**DESCRIPTION OF THE TASK:** Show all lines below holding the string "Chevrolet".

Top of PROVIDED DATA

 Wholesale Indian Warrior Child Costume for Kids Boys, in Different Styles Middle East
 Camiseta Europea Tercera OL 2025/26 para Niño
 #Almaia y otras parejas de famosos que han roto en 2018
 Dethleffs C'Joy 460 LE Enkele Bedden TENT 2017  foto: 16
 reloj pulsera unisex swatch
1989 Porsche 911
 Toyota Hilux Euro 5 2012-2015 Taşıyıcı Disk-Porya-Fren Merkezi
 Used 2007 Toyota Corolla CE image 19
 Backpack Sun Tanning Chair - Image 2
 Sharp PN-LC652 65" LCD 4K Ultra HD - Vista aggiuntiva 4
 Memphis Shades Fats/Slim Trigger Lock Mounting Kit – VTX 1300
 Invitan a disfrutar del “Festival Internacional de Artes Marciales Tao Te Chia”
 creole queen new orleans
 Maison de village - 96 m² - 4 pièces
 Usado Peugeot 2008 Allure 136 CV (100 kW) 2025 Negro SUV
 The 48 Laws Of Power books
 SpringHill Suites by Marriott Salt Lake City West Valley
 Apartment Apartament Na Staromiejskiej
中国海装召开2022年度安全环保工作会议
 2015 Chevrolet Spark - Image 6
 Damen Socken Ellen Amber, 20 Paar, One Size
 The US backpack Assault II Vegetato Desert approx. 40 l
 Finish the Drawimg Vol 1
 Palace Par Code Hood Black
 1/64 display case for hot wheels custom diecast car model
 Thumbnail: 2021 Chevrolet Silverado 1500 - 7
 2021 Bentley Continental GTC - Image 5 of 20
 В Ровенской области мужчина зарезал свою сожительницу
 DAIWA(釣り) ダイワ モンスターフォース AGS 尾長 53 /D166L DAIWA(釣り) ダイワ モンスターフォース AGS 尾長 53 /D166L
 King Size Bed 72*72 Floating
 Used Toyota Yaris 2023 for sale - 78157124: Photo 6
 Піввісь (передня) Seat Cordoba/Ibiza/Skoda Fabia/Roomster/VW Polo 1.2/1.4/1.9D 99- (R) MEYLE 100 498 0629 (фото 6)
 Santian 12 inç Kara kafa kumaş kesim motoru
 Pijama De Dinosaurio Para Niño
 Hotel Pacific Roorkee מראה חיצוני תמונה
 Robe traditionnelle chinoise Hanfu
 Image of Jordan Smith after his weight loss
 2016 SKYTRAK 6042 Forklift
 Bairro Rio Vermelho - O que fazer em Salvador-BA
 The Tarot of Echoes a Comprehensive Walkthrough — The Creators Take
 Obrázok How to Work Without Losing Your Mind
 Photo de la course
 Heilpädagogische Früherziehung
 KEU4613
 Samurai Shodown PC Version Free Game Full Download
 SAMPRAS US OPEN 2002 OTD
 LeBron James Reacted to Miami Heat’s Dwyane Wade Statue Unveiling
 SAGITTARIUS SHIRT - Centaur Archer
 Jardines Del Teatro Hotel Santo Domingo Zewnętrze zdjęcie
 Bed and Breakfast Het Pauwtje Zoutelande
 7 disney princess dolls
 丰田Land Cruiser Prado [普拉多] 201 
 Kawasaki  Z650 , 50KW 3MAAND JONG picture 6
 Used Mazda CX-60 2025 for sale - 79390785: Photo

Bottom of PROVIDED DATA

**FINAL ANSWER:**
 2015 Chevrolet Spark - Image 6
 Thumbnail: 2021 Chevrolet Silverado 1500 - 7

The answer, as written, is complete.